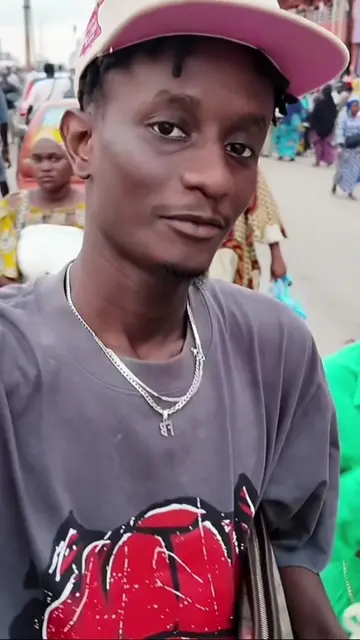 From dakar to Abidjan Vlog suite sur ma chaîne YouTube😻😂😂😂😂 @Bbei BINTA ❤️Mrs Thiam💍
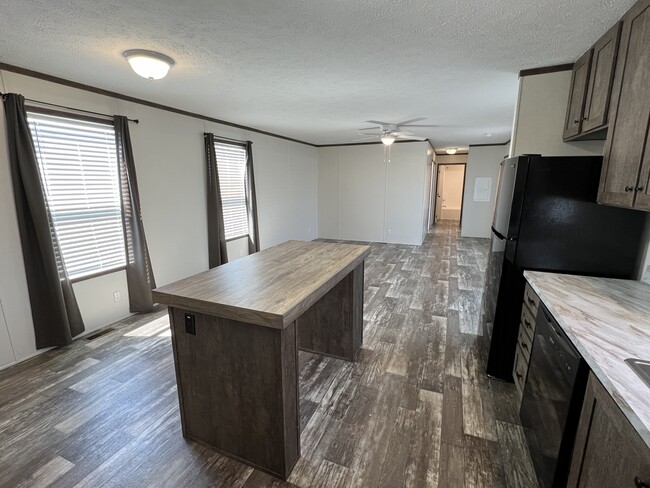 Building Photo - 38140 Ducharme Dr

◇ ◇ ◇ ◇

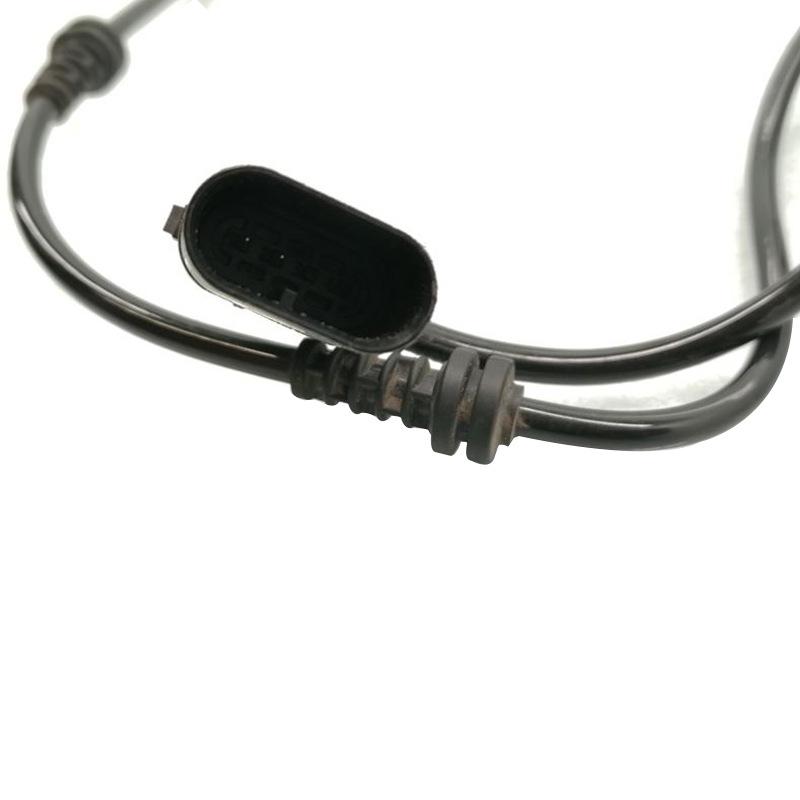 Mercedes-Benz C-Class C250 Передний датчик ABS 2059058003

◇ ◇ ◇ ◇

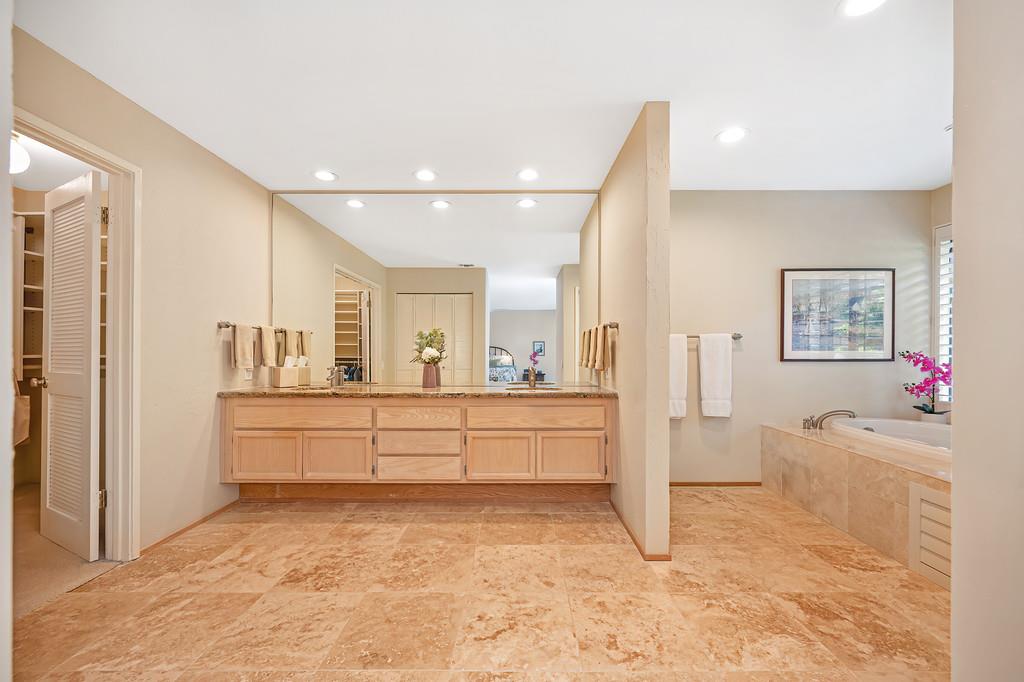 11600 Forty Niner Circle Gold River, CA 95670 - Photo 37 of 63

◇ ◇ ◇ ◇

* [Instructions to follow]: Write back the stretch of lines above that begins with the line holding "From dakar to" and ends with the line holding "Building Photo - 38140 Ducharme Dr", both included, exactly as written. Pictures stay out.

* [Response for this exercise]:
 From dakar to Abidjan Vlog suite sur ma chaîne YouTube😻😂😂😂😂 @Bbei BINTA ❤️Mrs Thiam💍
 Building Photo - 38140 Ducharme Dr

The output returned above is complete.